The prominent MacLaren Art Centre is located in Barrie. This is an art gallery that inspired the "Art City" project, which has had many different large sculptures installed around the city. These can be found in parks and along the waterfront.

Barrie is also home to many independent galleries and studios. A concentration of independent galleries, studios and boutiques is located in Lakeshore Mews. This area is located behind the downtown's Dunlop Street. Lakeshore Mews artists also organize the annual "Arts ce Soir"; an all-night contemporary art event in celebration of visual, musical, theatrical and literary art.

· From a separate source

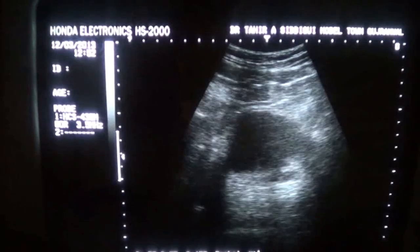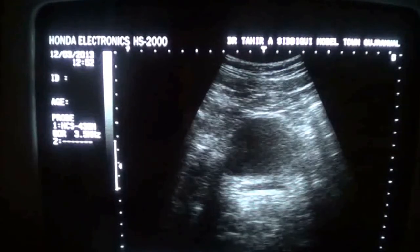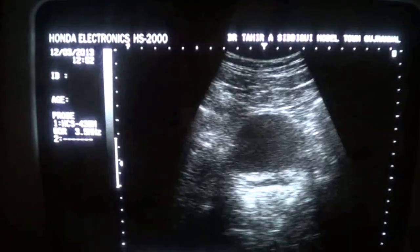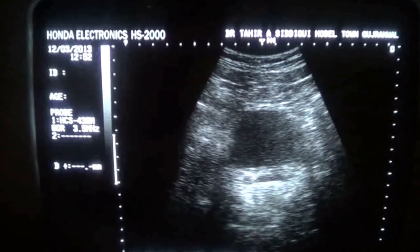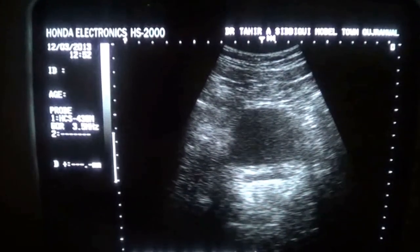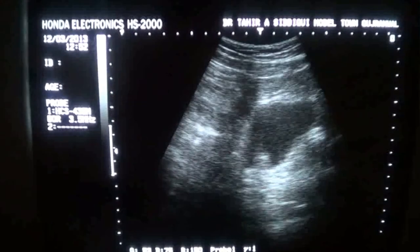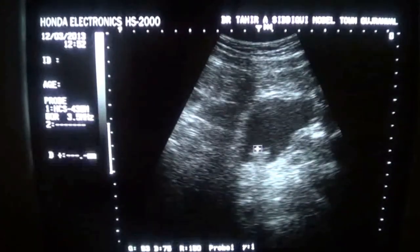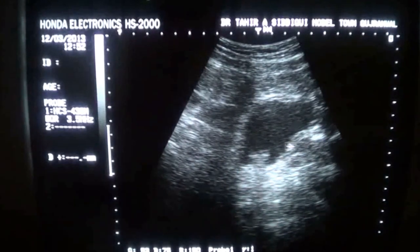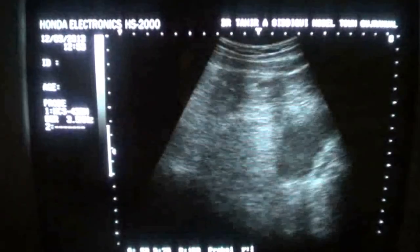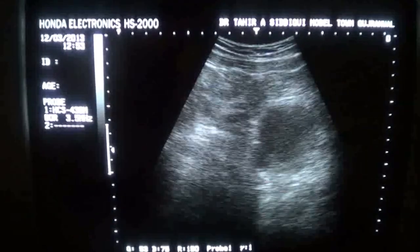This is the urinary bladder of this 50-year-old patient. This is the urinary bladder, this is the seminal vesicles, and here you will see the prostate in longitudinal section. This area is the prostate in longitudinal section. No pathology is seen relating to this region.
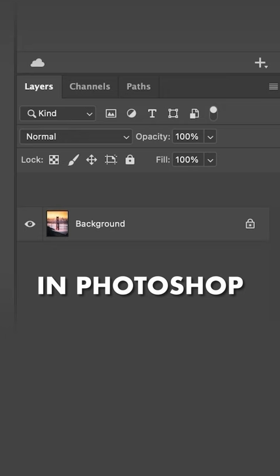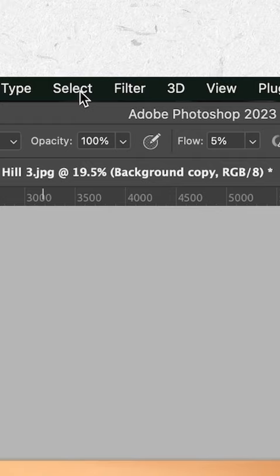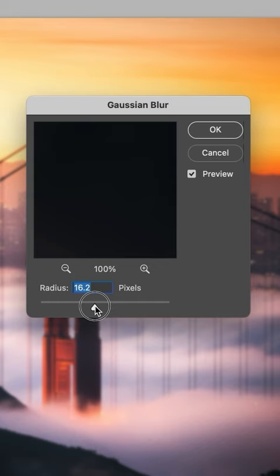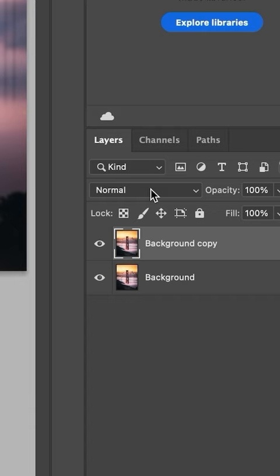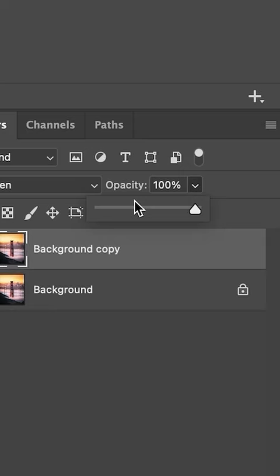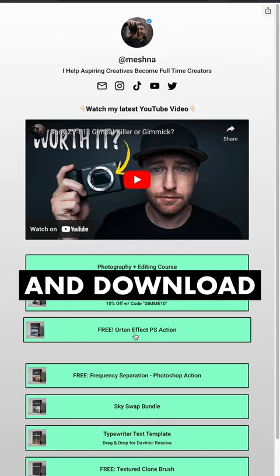first duplicate your layer, then go to Filter > Blur > Gaussian Blur. Set the radius to about 15 pixels and hit OK. Then change your blend mode to Lighten. And lastly, drop down the opacity between 15 and 50%. Or you can pop over to my website and download my free one-click action, which does all of this in just one click.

In addition, a studio tour in the Barrie/Orillia area takes place on the Canadian Thanksgiving weekend every year. It is called the Images Studio Tour and has over 25 artists on average. Potters, jewellers, painters, textile artists and fashion designers make up a few of the disciplines of the talents on display.

=== Festivals ===
Barrie is home to Kempenfest; one of the largest outdoor arts and crafts celebrations in Ontario. This festival occurs annually over the August long weekend and features over 300 artisans, an antique show, food demonstrations, children's activities and live entertainment, including an indie-music stage.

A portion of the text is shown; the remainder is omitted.